> _YOUR TASK_: Without the pictures, return each record as it appears.

Dataset records:
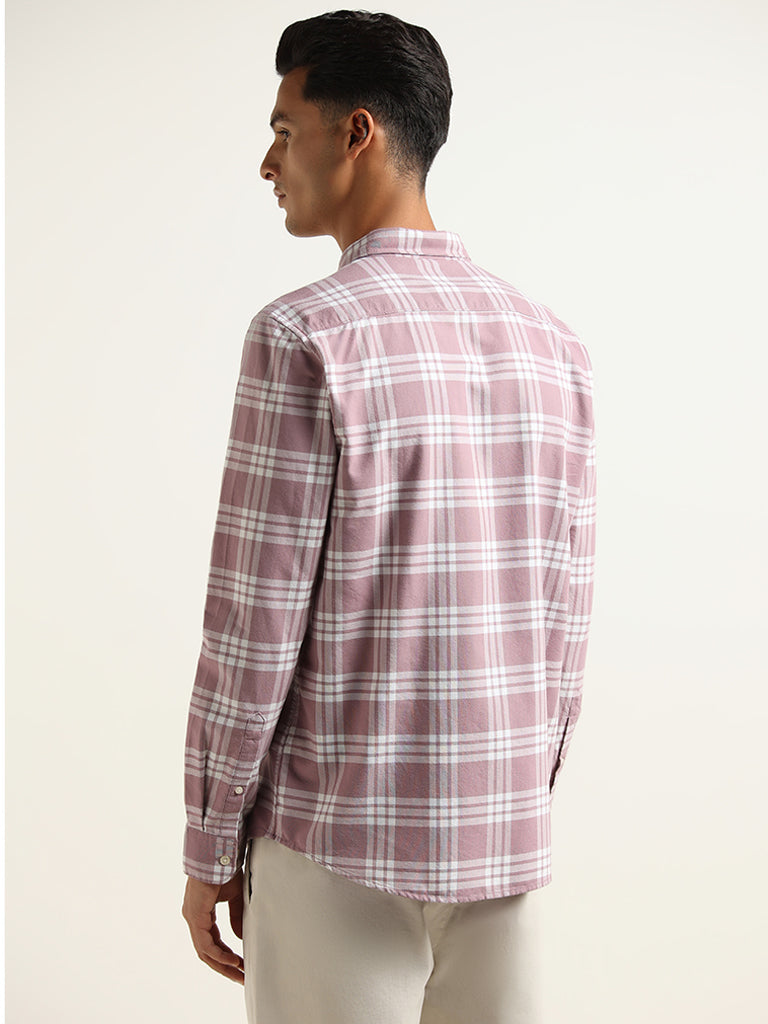 WES Casuals Light Mauve Checked Cotton Blend Slim Fit Shirt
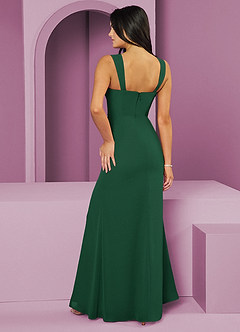 Barbie ♥ Azazie Jurken voor bruidsmeisjes Jurk van Chiffon met Zeemeermin Geplooid Donkergroen image7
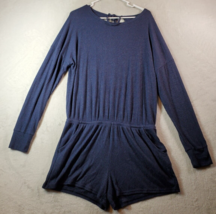 Gilly Hicks Romper Womens Large Blue Knit Polyester Logo Long Sleeve Rou... - $20.31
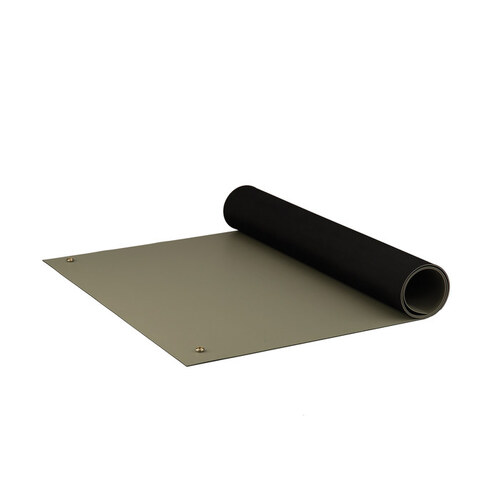 Gray Reusable Rubber ESD / Anti-Static Mat - 60" Length - 36" Wide - 0.08" Thick - 10 mm Female Snap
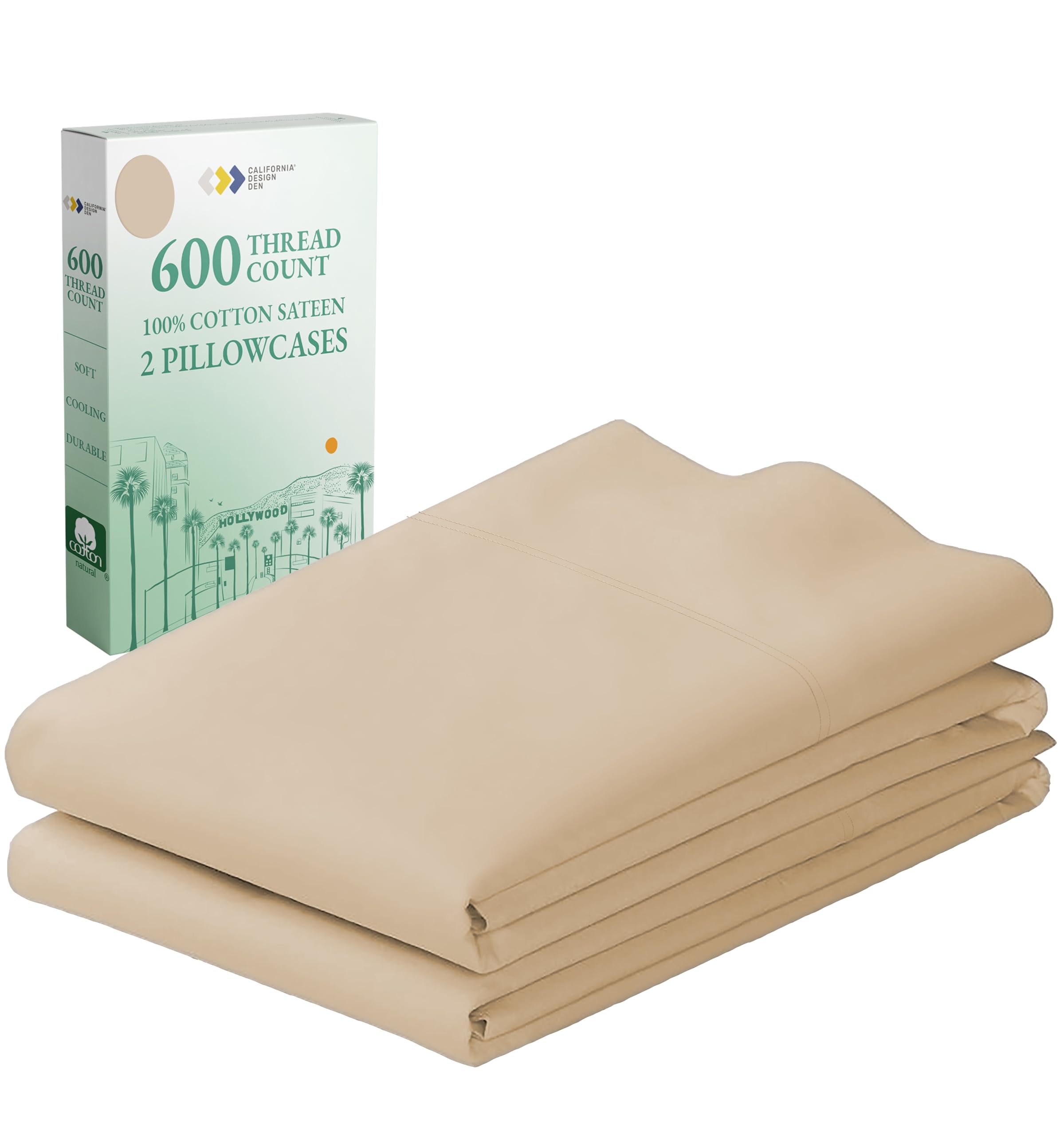 California Design Den Luxuriously Soft Hotel Quality 600 Thread Count, 100% Cotton Set Of 2 Cases, Crisp & Cool Standard Pillow Covers, Fits Standard & Queen Pillows (Tan-Beige)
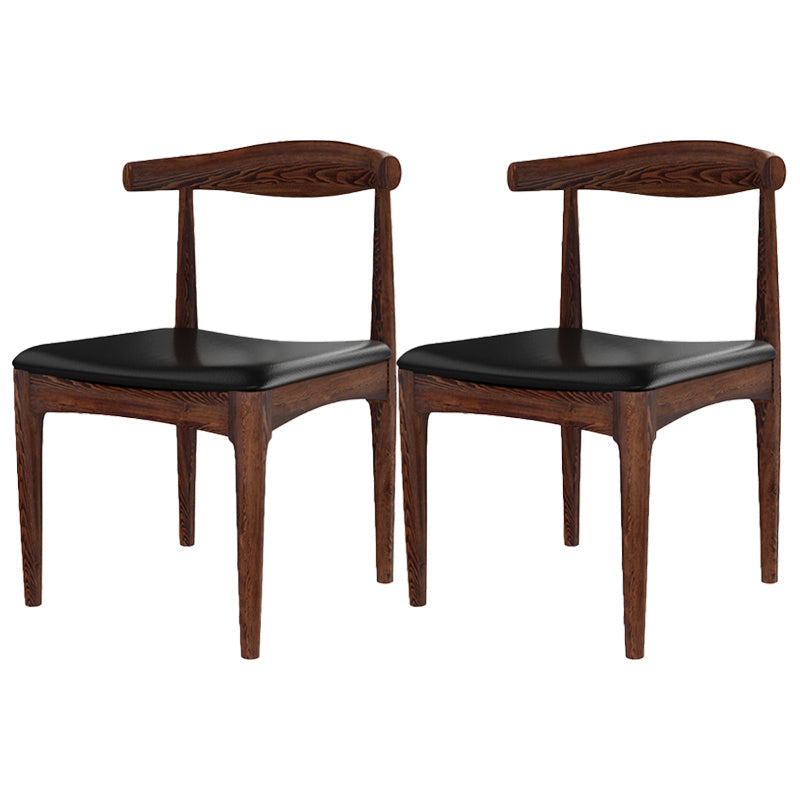 Modern Dining Open Back Chairs Dining Armless Side Chairs with Wooden Legs Dark Brown 2 Piece Set Clearhalo ' kitchen&dining_furn' 'Dining Chairs' 'Dining Tables & Seating' 'dining_chair' 'furn' 'furn_dining_chair' 'Furniture' 'furniture_dining_chair' 'Kitchen & Dining Furniture' 'kitchen' 4546545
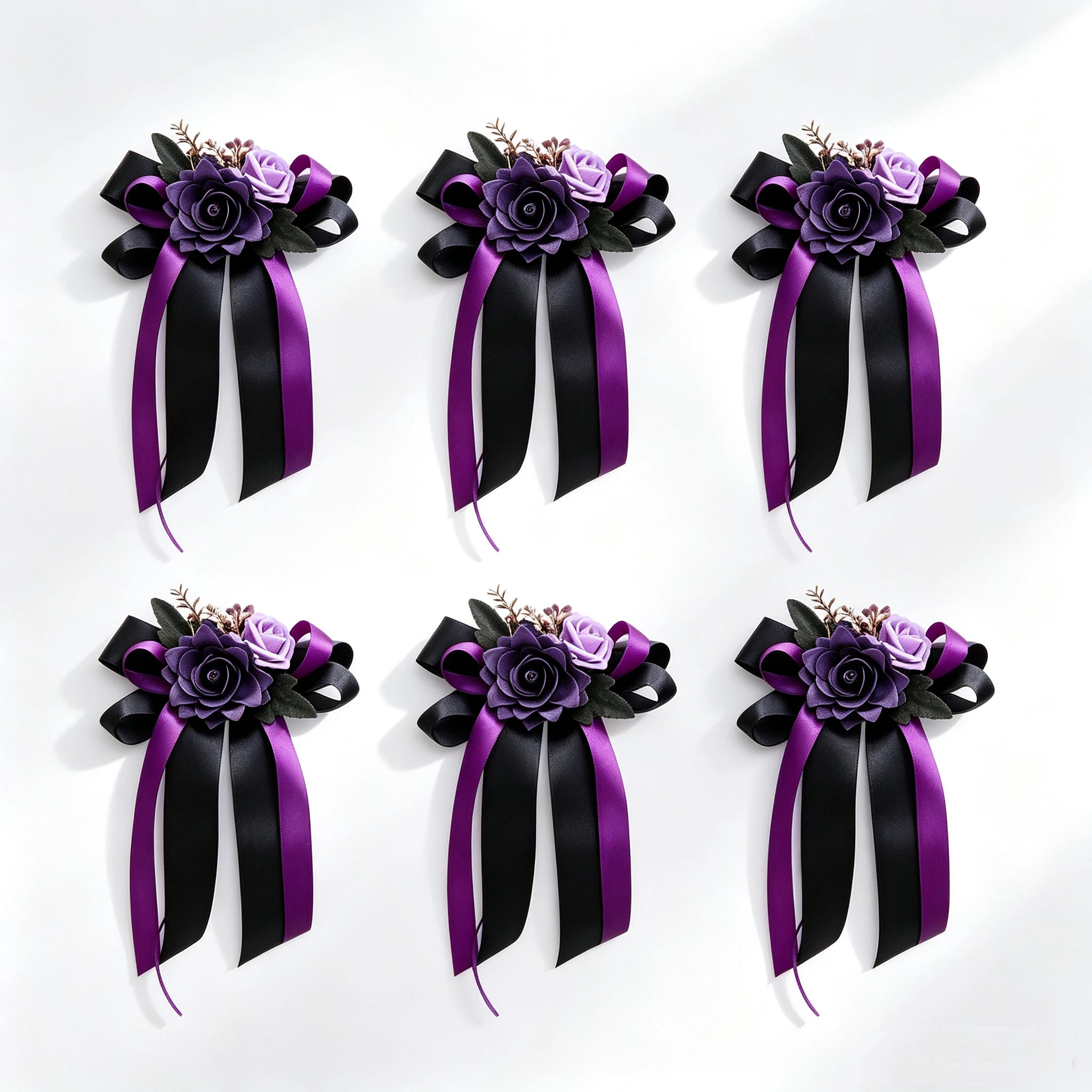 Autoschmuck Hochzeit 6er Set, Künstliche Rosen Gestecke (36 cm), Seidenblumen Deko für Autotür & Spiegel mit Saugnapf, Wiederverwendbare Hochzeitsdekoration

> _WRITTEN RESPONSE_:
 WES Casuals Light Mauve Checked Cotton Blend Slim Fit Shirt
 Barbie ♥ Azazie Jurken voor bruidsmeisjes Jurk van Chiffon met Zeemeermin Geplooid Donkergroen image7
 Gilly Hicks Romper Womens Large Blue Knit Polyester Logo Long Sleeve Rou... - $20.31
 Gray Reusable Rubber ESD / Anti-Static Mat - 60" Length - 36" Wide - 0.08" Thick - 10 mm Female Snap
 California Design Den Luxuriously Soft Hotel Quality 600 Thread Count, 100% Cotton Set Of 2 Cases, Crisp & Cool Standard Pillow Covers, Fits Standard & Queen Pillows (Tan-Beige)
 Modern Dining Open Back Chairs Dining Armless Side Chairs with Wooden Legs Dark Brown 2 Piece Set Clearhalo ' kitchen&dining_furn' 'Dining Chairs' 'Dining Tables & Seating' 'dining_chair' 'furn' 'furn_dining_chair' 'Furniture' 'furniture_dining_chair' 'Kitchen & Dining Furniture' 'kitchen' 4546545
 Autoschmuck Hochzeit 6er Set, Künstliche Rosen Gestecke (36 cm), Seidenblumen Deko für Autotür & Spiegel mit Saugnapf, Wiederverwendbare Hochzeitsdekoration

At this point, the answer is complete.